EXERCISE DATA >>
<<<<
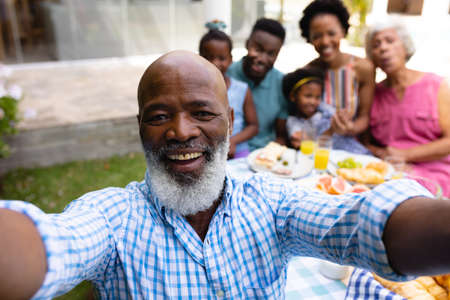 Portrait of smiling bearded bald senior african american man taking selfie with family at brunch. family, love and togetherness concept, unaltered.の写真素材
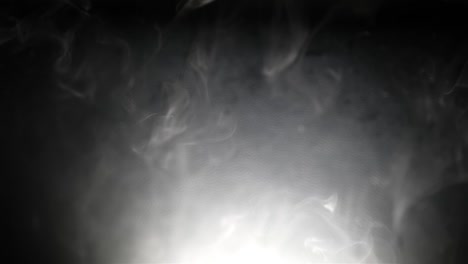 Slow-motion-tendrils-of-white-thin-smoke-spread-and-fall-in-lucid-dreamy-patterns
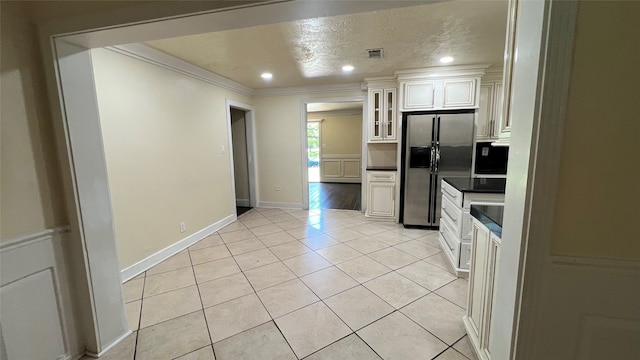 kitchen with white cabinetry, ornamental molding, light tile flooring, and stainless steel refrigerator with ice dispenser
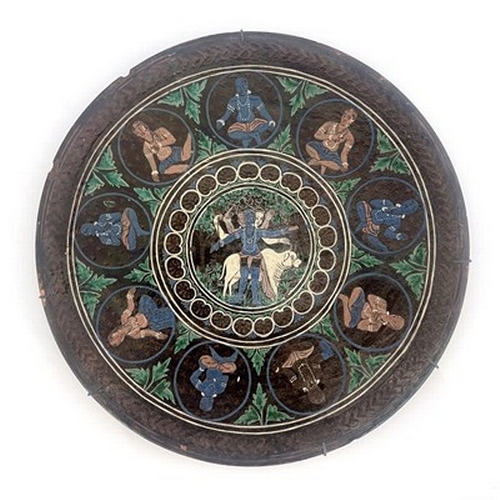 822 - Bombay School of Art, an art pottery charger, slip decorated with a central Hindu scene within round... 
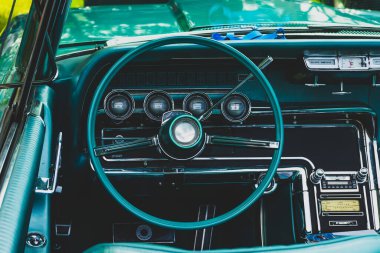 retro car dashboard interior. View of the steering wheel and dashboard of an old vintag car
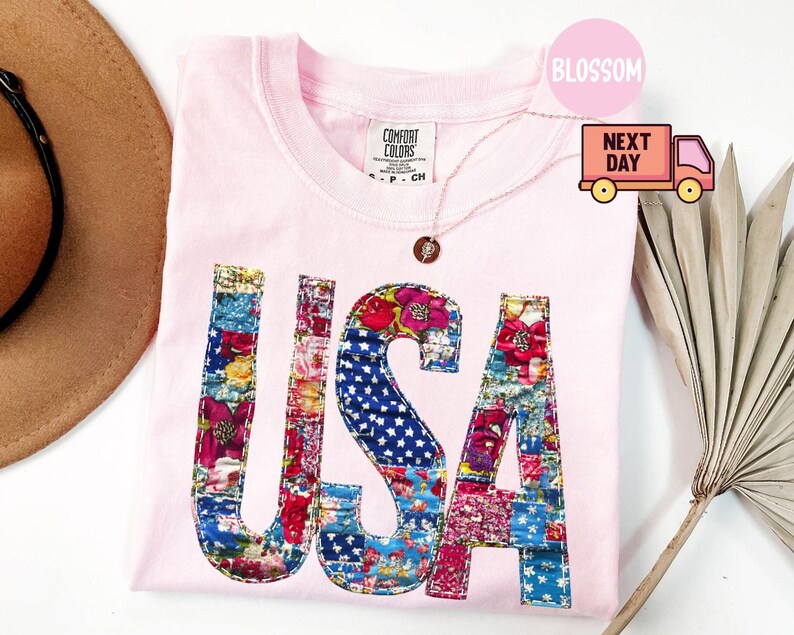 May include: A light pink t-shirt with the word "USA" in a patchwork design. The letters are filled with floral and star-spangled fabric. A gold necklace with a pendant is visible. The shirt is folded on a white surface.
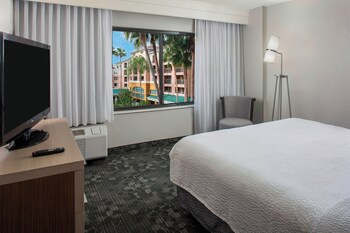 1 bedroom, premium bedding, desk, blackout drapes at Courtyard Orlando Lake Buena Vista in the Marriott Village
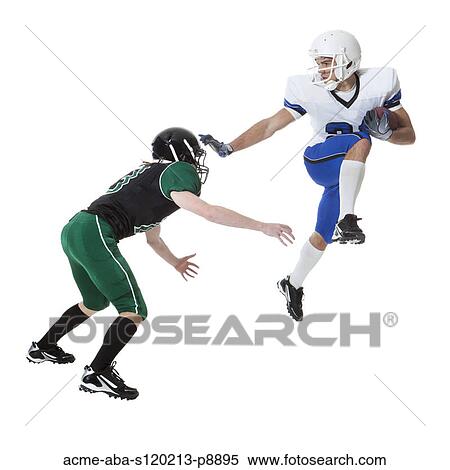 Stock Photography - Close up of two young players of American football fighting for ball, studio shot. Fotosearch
>>>>
<<<<
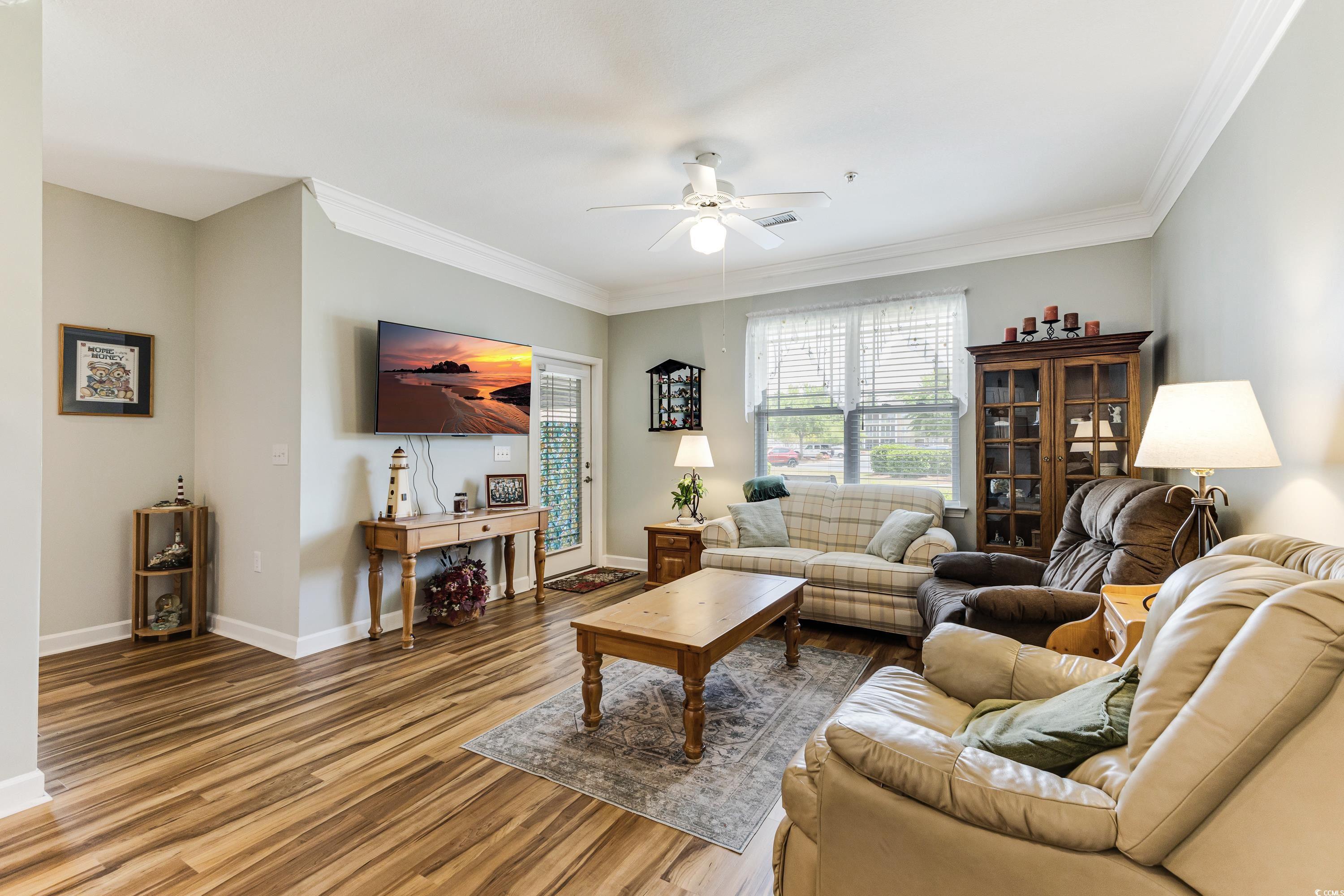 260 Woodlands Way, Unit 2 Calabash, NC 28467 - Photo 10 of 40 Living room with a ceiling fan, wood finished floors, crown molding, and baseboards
>>>>
DESCRIPTION OF THE TASK >> Would you please reproduce the entries above, starting at the line with "1 bedroom, premium" and stopping after the line with "Stock Photography - Close"? Omit any pictures.

RESPONSE FOR THIS EXERCISE >>
 1 bedroom, premium bedding, desk, blackout drapes at Courtyard Orlando Lake Buena Vista in the Marriott Village
 Stock Photography - Close up of two young players of American football fighting for ball, studio shot. Fotosearch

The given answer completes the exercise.